An employee’s usual hours will be based on their pre-furlough working hours where applicable and is likely to be worked out in the same way as for the CJRS. Similarly, the “usual hours” of those employees who are on zero hours or other non-fixed rate contracts are also likely to be worked out in the same way as for the CJRS.
5. When can employers start to claim support under the JSS?
Employees must be on the payroll on or before 23 September 2020. The scheme opens on 1st November and employees will be able to claim online from December, although details of exactly how to claim are still pending.
Payments to employers under the scheme will be payable monthly in arrears, covering only costs which have actually been incurred as at the date of the claim.
6. What Employment law issues may arise through participation in the JSS?
Employees under the scheme will be working reduced hours and receiving reduced pay, since the employer and Government will only pay the employee up to two thirds of their unworked hours.
Most employment contracts do not allow employers to make changes to pay and working hours without agreement. Employers will therefore need staff to consent to the new change to their terms of employment to avoid a breach of contract or unlawful deduction from wages claim.
Changes to the employment contract must be made in writing and must be made available to HMRC upon request.
If employers wish to apply the scheme to 20 or more employees then the requirement under the Trade Union and Labour Relations (Consolidation) Act 1992 (TULRCA) to collectively consult with employees may arise.

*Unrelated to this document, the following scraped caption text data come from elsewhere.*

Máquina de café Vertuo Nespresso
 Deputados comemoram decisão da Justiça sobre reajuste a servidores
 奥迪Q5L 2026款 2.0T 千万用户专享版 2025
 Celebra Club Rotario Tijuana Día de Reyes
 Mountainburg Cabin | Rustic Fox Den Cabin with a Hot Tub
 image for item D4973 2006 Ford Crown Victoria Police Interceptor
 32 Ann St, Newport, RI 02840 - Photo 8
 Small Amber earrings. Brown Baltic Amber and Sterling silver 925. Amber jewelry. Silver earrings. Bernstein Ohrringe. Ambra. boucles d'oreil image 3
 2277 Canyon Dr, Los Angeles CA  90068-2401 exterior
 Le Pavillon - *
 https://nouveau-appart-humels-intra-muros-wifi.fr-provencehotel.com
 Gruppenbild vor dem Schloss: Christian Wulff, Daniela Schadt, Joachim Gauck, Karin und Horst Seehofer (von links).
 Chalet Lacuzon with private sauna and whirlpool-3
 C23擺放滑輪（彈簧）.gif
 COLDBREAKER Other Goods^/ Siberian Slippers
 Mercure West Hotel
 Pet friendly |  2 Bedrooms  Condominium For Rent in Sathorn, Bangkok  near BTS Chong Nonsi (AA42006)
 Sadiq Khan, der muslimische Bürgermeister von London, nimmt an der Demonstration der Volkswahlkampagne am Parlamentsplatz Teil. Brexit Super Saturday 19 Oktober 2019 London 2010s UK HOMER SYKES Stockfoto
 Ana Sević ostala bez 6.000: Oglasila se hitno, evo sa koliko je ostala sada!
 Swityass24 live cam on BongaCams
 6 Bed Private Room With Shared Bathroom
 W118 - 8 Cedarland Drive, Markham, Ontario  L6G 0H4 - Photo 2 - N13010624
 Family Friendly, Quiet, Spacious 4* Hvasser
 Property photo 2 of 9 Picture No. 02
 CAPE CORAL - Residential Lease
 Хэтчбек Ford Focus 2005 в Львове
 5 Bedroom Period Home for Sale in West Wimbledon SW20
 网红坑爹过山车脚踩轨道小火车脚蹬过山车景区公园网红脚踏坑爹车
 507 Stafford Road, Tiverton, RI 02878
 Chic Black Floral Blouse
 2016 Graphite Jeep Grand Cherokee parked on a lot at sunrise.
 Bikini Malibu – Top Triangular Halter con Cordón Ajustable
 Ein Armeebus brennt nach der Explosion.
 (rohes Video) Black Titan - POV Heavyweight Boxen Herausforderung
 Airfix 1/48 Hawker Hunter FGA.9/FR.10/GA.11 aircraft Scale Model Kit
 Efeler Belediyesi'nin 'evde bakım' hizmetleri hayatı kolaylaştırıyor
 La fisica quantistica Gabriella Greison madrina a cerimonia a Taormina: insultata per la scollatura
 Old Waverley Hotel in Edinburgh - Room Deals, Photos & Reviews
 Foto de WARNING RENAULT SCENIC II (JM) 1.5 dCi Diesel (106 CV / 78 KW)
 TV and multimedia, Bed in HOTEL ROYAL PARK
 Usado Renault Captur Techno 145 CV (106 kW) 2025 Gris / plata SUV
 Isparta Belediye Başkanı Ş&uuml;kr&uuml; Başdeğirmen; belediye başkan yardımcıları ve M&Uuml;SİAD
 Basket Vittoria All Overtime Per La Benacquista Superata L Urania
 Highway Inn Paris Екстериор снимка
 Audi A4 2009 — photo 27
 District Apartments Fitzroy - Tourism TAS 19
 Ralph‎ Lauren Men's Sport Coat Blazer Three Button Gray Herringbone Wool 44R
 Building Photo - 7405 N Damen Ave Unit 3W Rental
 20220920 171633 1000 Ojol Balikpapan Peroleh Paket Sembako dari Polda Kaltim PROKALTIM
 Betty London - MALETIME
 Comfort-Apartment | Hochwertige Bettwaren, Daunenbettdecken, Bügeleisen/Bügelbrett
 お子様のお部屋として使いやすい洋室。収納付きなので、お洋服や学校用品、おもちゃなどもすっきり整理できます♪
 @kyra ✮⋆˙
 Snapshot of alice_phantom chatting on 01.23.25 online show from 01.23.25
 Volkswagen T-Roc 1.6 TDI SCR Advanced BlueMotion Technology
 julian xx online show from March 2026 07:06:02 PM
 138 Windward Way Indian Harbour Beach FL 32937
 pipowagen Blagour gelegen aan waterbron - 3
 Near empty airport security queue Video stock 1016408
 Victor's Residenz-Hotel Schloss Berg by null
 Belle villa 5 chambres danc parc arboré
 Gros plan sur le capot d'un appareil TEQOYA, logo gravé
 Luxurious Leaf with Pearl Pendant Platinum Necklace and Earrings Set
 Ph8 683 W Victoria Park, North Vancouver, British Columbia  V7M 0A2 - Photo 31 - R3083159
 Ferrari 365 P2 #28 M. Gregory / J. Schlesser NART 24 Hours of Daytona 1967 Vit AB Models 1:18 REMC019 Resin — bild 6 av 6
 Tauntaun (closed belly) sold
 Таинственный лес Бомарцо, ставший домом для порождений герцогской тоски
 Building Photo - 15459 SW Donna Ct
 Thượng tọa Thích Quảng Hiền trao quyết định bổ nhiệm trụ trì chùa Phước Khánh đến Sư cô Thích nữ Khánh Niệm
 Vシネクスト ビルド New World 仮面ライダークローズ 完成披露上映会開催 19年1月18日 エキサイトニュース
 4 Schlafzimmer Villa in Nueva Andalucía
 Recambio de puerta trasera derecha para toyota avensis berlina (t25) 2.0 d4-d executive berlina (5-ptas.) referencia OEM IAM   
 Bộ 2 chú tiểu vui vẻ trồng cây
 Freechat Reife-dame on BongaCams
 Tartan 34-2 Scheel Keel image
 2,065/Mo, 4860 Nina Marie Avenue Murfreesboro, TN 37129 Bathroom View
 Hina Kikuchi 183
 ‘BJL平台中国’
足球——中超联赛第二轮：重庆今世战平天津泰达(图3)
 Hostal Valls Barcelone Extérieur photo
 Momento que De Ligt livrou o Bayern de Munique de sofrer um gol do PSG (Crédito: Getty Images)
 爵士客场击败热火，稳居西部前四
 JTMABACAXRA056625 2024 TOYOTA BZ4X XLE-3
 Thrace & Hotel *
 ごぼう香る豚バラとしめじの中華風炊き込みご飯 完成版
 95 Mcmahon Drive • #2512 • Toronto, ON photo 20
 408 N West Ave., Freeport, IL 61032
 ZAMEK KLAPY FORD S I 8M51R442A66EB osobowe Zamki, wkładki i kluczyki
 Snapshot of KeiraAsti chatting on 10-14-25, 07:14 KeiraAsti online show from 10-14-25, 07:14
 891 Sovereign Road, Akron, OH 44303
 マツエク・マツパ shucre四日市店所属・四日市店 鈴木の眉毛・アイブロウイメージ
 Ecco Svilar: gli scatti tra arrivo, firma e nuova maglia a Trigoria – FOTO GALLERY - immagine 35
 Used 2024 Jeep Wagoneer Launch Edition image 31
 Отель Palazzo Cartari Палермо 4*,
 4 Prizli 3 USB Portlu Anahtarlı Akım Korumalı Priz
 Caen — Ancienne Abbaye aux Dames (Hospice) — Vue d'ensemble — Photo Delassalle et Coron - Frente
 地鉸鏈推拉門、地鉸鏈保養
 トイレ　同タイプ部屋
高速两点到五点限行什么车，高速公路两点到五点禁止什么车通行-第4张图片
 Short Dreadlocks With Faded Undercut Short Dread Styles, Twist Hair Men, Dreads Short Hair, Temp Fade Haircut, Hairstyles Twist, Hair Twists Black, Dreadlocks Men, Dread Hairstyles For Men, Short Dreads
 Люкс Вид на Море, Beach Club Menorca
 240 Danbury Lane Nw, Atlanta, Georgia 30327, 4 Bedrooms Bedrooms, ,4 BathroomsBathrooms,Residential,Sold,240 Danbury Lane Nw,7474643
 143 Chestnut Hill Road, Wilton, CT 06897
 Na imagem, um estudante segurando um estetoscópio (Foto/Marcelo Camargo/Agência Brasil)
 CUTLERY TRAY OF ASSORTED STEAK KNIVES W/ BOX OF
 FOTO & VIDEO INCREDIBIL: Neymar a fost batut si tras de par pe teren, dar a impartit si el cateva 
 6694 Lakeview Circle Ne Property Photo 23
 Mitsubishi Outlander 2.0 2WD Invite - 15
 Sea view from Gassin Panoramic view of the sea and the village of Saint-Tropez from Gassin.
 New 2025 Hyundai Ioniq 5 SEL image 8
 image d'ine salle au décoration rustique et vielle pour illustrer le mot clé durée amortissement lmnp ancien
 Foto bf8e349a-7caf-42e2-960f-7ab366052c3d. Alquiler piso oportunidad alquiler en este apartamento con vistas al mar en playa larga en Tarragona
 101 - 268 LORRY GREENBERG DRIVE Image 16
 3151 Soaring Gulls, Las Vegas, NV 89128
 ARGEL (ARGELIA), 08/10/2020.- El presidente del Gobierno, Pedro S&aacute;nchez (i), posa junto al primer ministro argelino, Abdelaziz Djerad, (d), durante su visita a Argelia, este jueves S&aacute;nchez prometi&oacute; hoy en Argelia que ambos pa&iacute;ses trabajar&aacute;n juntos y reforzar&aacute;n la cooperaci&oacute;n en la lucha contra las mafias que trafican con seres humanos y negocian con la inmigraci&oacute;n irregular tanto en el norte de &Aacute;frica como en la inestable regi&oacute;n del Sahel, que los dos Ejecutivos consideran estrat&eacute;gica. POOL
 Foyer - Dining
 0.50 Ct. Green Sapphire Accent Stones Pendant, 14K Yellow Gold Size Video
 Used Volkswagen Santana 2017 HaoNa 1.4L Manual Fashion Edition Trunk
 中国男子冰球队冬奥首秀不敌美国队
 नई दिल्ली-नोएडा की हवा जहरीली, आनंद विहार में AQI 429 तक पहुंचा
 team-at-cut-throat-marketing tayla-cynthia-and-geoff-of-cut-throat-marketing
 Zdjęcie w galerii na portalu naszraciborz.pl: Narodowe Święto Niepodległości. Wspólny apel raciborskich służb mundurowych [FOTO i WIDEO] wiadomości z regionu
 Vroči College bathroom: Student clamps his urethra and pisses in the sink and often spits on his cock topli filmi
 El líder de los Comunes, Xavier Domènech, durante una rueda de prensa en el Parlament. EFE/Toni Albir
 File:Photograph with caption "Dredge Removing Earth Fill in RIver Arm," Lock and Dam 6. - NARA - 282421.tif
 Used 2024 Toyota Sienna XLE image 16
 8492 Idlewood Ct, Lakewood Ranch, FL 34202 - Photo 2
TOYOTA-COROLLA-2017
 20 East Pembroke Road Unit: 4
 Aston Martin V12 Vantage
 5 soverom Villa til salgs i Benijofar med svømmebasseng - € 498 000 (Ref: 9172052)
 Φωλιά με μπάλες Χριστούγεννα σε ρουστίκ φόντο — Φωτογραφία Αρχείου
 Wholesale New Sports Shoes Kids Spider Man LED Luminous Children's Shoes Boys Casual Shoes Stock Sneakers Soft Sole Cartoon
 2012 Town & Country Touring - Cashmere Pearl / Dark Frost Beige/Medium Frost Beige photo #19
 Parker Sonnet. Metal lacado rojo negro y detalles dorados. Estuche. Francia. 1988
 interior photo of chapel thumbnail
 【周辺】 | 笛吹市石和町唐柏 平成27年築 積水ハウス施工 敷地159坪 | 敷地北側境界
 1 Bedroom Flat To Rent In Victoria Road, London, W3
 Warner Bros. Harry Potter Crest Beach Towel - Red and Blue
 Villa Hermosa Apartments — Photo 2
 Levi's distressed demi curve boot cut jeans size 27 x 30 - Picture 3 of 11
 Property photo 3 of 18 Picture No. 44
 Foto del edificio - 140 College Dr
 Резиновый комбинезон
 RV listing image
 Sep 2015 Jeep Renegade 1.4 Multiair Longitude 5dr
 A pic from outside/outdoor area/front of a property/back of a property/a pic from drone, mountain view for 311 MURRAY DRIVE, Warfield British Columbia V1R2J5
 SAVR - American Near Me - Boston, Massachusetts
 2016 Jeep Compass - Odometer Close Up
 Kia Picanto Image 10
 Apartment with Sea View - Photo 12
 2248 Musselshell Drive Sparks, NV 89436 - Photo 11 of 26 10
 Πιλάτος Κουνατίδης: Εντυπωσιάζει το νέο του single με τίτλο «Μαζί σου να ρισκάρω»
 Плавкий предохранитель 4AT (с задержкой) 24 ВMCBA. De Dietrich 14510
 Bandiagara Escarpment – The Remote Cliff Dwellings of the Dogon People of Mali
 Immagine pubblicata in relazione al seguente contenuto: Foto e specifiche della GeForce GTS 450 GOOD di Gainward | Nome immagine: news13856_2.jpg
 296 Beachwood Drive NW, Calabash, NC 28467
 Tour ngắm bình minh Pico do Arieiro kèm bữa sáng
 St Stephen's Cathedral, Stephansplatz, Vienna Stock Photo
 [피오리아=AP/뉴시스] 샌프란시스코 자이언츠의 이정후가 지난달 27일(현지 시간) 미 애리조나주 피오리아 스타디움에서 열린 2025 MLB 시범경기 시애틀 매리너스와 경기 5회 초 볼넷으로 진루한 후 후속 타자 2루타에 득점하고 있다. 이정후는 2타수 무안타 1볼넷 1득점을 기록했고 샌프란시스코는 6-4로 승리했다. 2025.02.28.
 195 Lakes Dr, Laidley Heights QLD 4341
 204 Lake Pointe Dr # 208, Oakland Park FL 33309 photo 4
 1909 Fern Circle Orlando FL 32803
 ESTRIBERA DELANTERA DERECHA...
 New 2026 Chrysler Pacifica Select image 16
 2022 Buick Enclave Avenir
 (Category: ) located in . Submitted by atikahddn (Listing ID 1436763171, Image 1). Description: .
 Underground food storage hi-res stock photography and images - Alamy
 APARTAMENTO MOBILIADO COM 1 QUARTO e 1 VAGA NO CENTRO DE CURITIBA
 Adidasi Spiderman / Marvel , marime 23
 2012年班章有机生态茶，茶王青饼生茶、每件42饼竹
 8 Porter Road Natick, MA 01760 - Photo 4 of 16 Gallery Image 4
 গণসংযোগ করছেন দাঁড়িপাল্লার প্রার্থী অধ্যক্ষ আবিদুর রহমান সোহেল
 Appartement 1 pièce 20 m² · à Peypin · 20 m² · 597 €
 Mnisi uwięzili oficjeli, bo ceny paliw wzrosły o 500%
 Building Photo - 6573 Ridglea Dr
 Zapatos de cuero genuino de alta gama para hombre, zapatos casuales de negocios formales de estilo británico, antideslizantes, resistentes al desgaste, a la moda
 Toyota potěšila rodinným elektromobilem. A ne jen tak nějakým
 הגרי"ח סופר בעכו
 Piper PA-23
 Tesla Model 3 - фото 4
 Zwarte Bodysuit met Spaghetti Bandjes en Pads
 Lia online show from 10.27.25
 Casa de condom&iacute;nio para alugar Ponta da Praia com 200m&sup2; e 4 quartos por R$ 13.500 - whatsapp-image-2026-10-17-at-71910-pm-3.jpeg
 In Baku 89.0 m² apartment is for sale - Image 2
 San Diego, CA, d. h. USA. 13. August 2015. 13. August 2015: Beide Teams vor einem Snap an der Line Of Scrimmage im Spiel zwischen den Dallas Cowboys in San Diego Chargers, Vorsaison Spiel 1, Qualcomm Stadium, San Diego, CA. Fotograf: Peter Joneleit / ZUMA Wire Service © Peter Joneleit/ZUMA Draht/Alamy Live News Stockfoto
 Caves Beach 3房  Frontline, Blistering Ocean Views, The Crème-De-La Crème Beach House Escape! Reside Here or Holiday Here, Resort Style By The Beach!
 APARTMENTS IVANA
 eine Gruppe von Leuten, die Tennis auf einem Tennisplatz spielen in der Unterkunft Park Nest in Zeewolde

There is no Government guidance to suggest that the obligation to collectively consult does not arise in relation to the COVID-19 support schemes and TULRCA has not been amended.
Where the employer intends to vary the contracts of 20 or more employees, and it intends to dismiss employees who do not consent to the change in their terms within a period of 90 days or less, those employees will be classed as dismissed by reason of redundancy for the purposes of section 188 of TULRCA
Employers may choose to make redundancies instead of participate in the JSS for particular employees. However, employers should be able to show that they have considered the JSS as an alternative to redundancy for each type of role they consider redundant, and document their reasons why it would not be suitable in the particular circumstances of the case.
National Insurance and Pension Contributions
The Job Support Scheme grant payable by the Government does not cover Class 1 National Insurance Contributions or employer pension contributions. An employer should make its contributions based on the whole sum payable to the employee by the employer (both in respect of worked and unworked hours).
7. What don’t we know yet?
Guidance is still pending from the Government in relation to how the JSS applies to employees who are on sick leave or annual leave. Depending on the guidance issued this may incur greater costs for employers.
Issues may arise in respect of employees previously classed as extremely vulnerable if they are advised to shield again in the future and cannot work from home, or those who are required under legislation to self-isolate.